• AIM OF THE EXERCISE
Every record below must be returned word for word, with the pictures left out.

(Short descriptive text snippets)
....
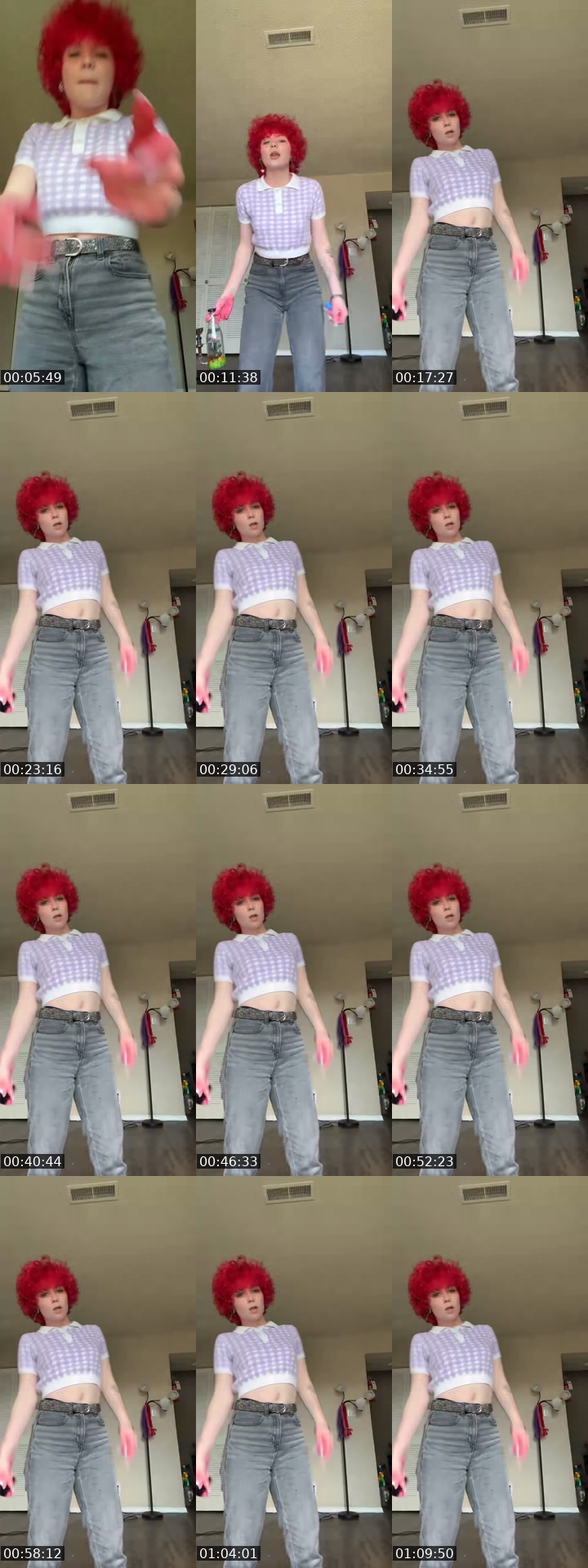 @elizx155 TikTok live from 2026-07-07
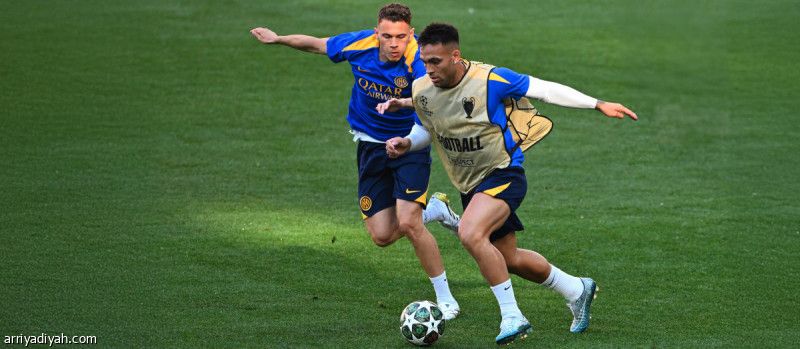 لاوتارو: نضجنا وتطورنا.. وحان وقت الانتصار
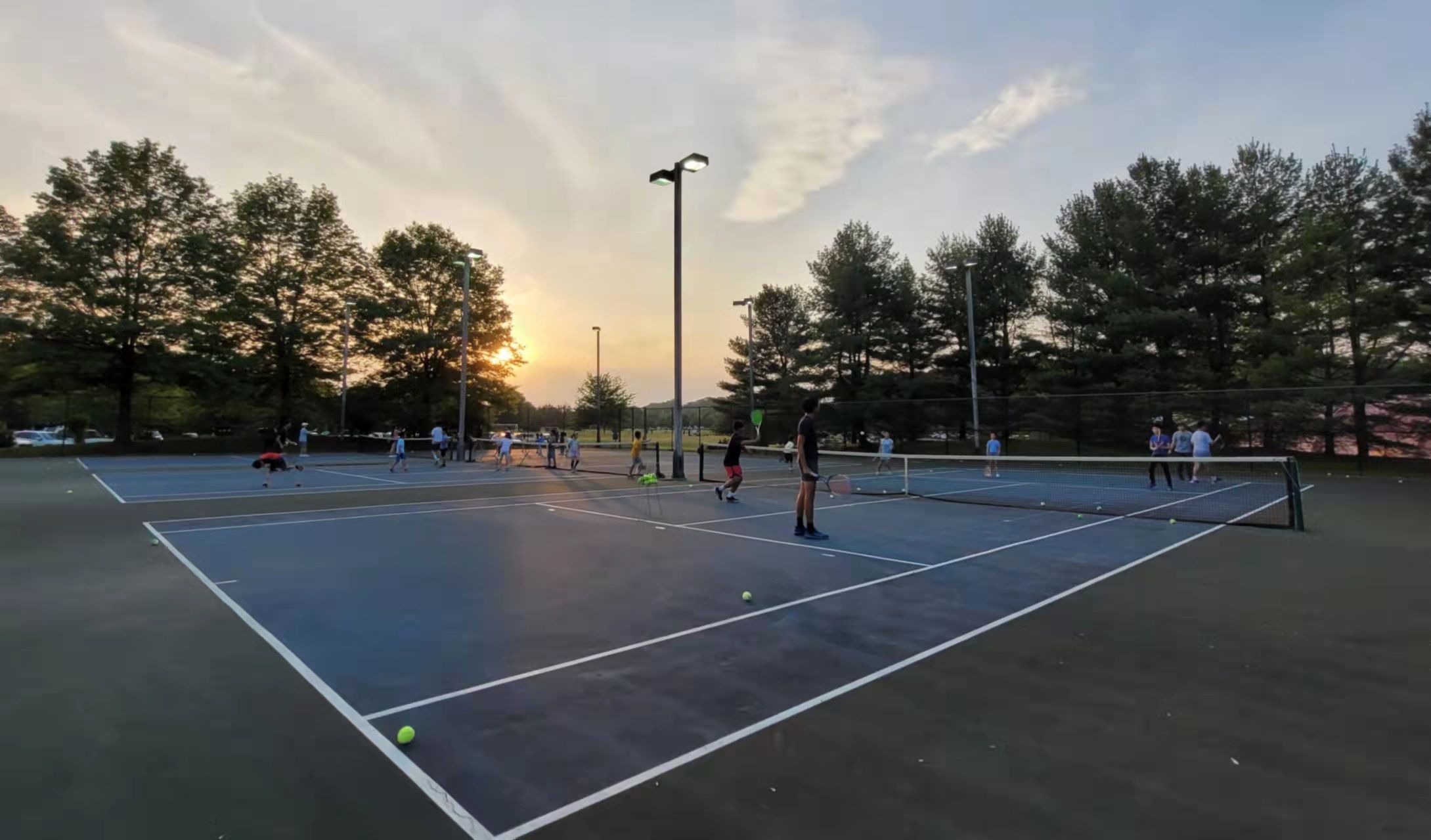 Tennis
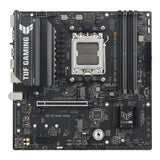 ASUS AM5 A620AM-PLUS TUF GAMING - DDR5-M.2-2xDP-HDMI-µAT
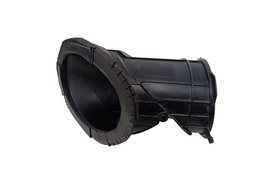 TUBO DUTO ENTRADA AR CITROEN C4 PALLAS 2.0 2008 A 2012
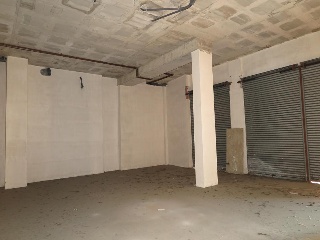 Locales comerciales en La Llagosta. Barcelona 4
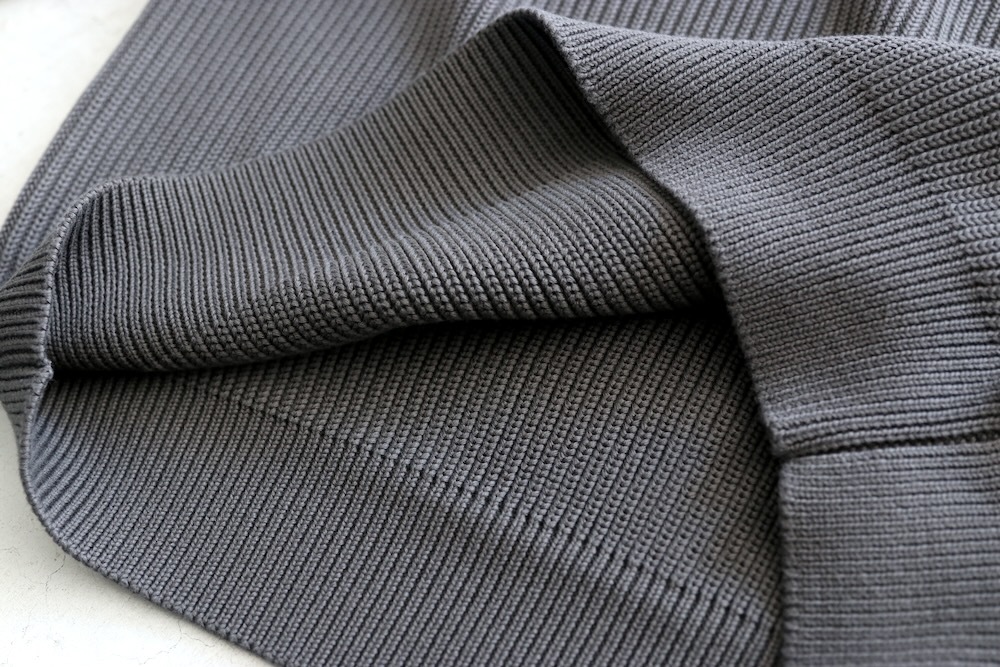 N.HOOLYWOOD ( ϥꥦå) "CREWNECK KNIT 2252-KT06-043"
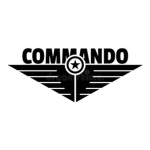 Cammando squad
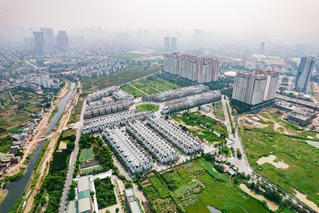 Bộ Xây dựng thông tin về nhà ở và thị trường bất động sản quý III/2024 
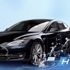 Hidrojen ile iki kat menzil sunan Tesla Model S: Hesla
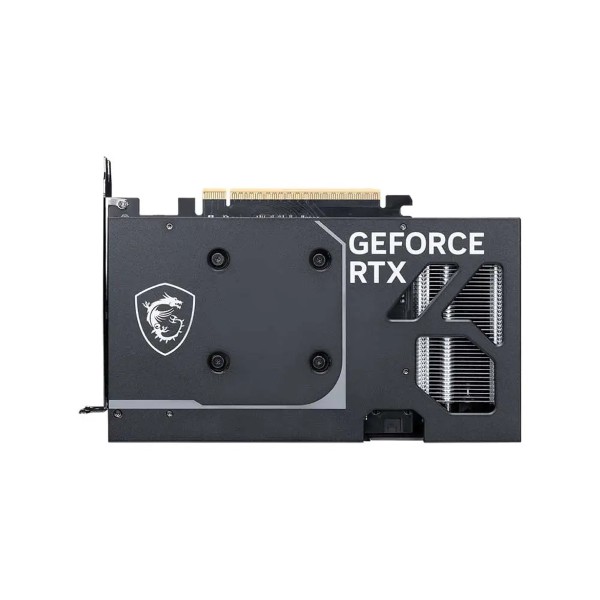 MSI RTX 5060 Ventus 2X OC 8GB GDDR7 Graphics Card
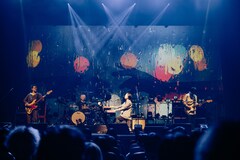 ストレイテナー、ライブハウス8カ所を回るツアー開催決定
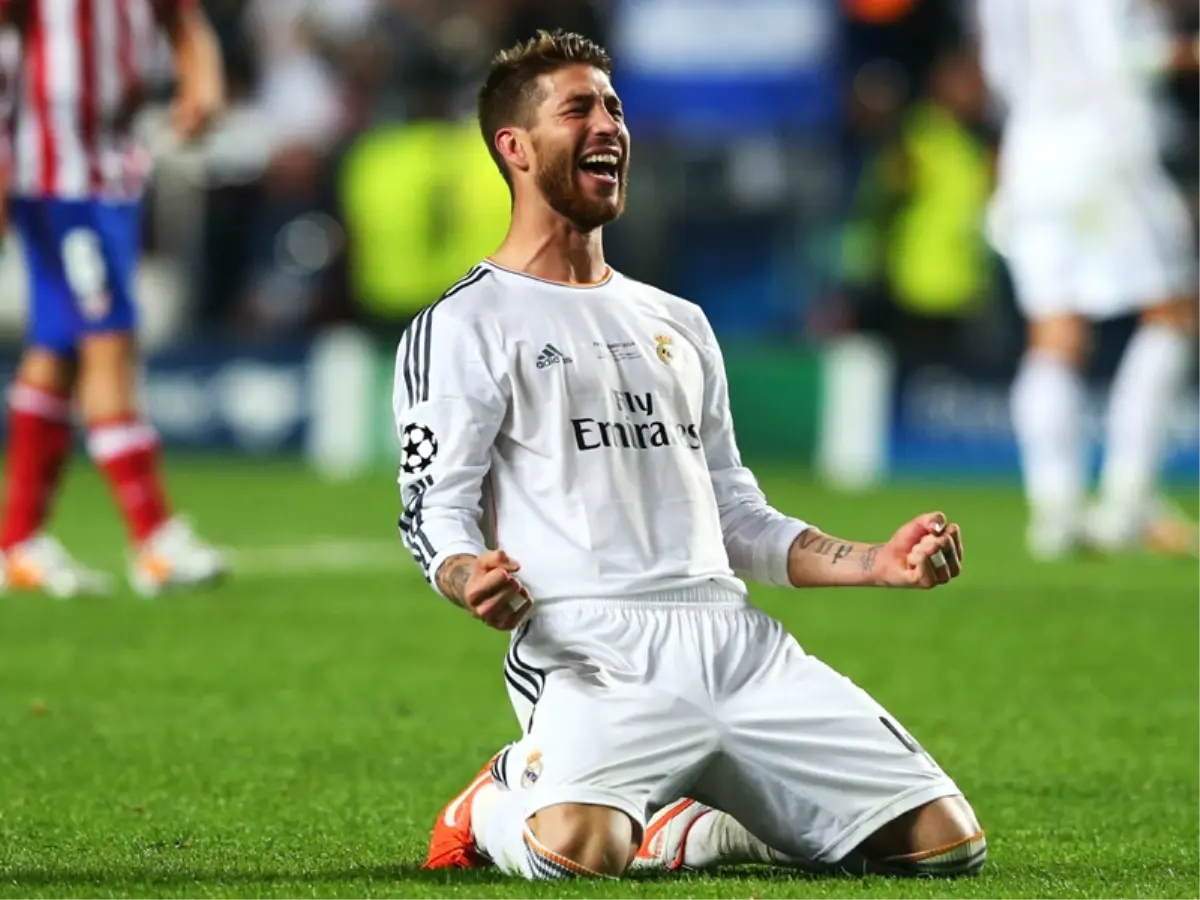 Ancelotti\'nin Sürprizi Ramos Mu?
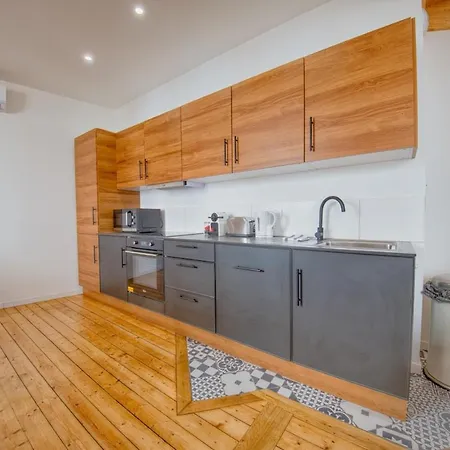 Antibes Διαμέρισμα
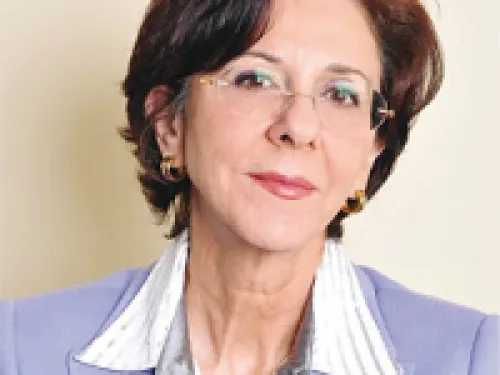 Dr. Rima Khalaf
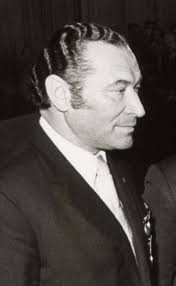 Aus der Geschichte der Industriegemeinde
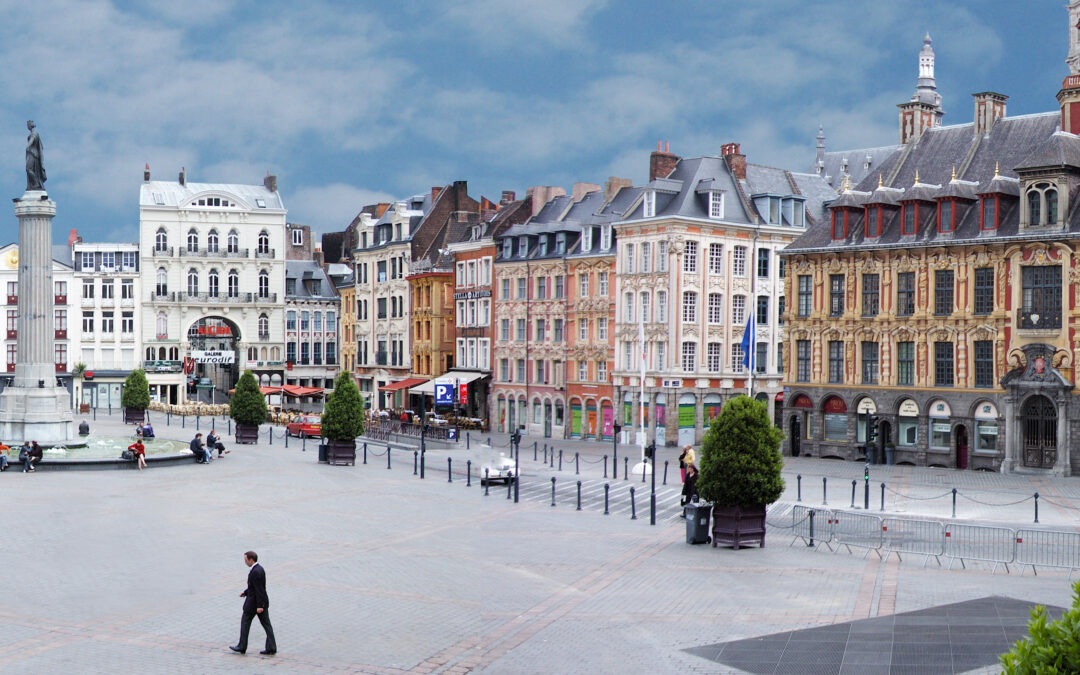 Week-end « Fil d’Art »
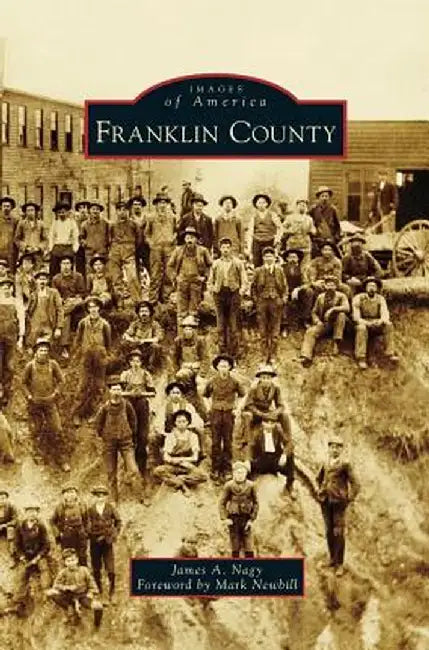 Franklin County by James A. Nagy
....
• RESPONSE BOX
 @elizx155 TikTok live from 2026-07-07
 لاوتارو: نضجنا وتطورنا.. وحان وقت الانتصار
 Tennis
 ASUS AM5 A620AM-PLUS TUF GAMING - DDR5-M.2-2xDP-HDMI-µAT
 TUBO DUTO ENTRADA AR CITROEN C4 PALLAS 2.0 2008 A 2012
 Locales comerciales en La Llagosta. Barcelona 4
 N.HOOLYWOOD ( ϥꥦå) "CREWNECK KNIT 2252-KT06-043"
 Cammando squad
 Bộ Xây dựng thông tin về nhà ở và thị trường bất động sản quý III/2024 
 Hidrojen ile iki kat menzil sunan Tesla Model S: Hesla
 MSI RTX 5060 Ventus 2X OC 8GB GDDR7 Graphics Card
 ストレイテナー、ライブハウス8カ所を回るツアー開催決定
 Ancelotti\'nin Sürprizi Ramos Mu?
 Antibes Διαμέρισμα
 Dr. Rima Khalaf
 Aus der Geschichte der Industriegemeinde
 Week-end « Fil d’Art »
 Franklin County by James A. Nagy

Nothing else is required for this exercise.